There is a lack of proper planning that magnifies natural disasters or emergencies as is highlighted by the unusual rainfall and windstorms last week that, farmers fear, have caused ‘irreparable damage’ to the local variety of wheat crops.
The issue of agriculture income tax is another example where the landed elite have been able to prevail under all governments, before and after the 18th Amendment. All the talk of expanding the tax base to improve revenue generation remains just that — talk, when it comes to taxing agriculture income.
This income is not even reported judiciously while businesspersons and petty salaried workers are made to contribute to the national exchequer. The corporate sector in contrast to big farm owners is routinely called on to pay extra, in the form of super taxes, to limit the resource gap.
The role of the influential rural elite in water consumption is yet another area where abuse of power is rampant. The diversion of water to farms owned by politicians and their lackeys is rampant in the southern Sindh. There are several instances where the course of canals have been diverted, or dikes constructed or destroyed, in an attempt to benefit some at the cost of many.
The neglect of the key sector by successive governments — which continues to employ 42pc of the labour force, provides livelihood to 62pc of the population and constitutes 65pc of export earnings — becomes almost criminal when it comes to biosecurity.
The unsupervised commercialisation and audit-free import of seeds, pesticides and livestock is said to be responsible for new crop and livestock diseases. These diseases have compromised the local soil quality and agriculture ecosystem and have a far-reaching, negative, impact on the health of consumers and on export prospects.
There is no dearth of organisations, mostly public but some foreign-funded, active in the sector. According to information available on the website of the federal Ministry of National Food Security and Research, there are 18 fairly big departments manned by several hundred officers and staff.

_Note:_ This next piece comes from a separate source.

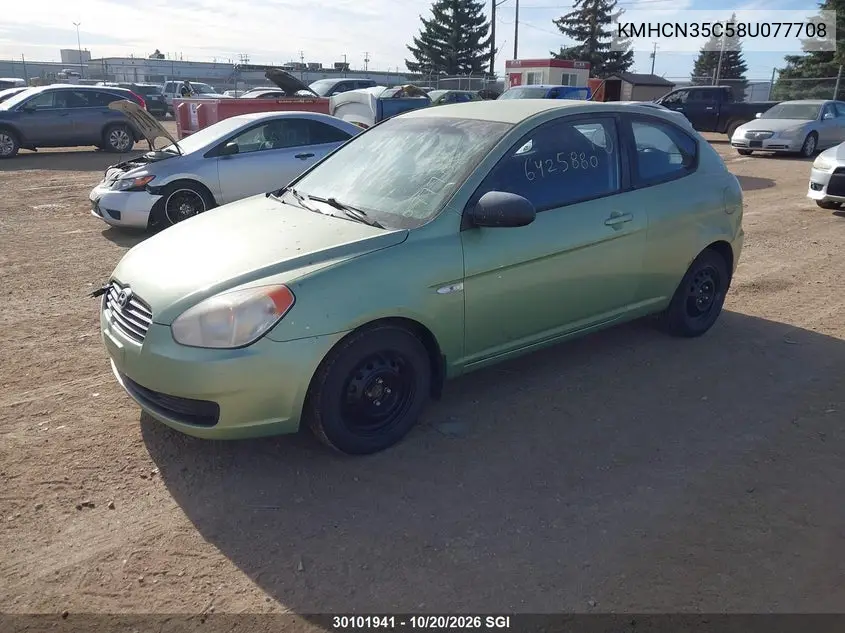 2008 HYUNDAI ACCENT VIN KMHCN35C58U077708 — фото 2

A stopover at several research and extension service centres during a flying visit across rural Punjab in 2017 depressed the writer. Most of these deserted buildings wore a haunted appearance. Their directors blamed low budgets for the lack of capacity and seemed more focused on survival than in meeting organisational targets.
“Besides the country, it is the grower and the end consumer of commodities who are at the losing end of the agriculture equation in Pakistan,” commented an expert associated with the government.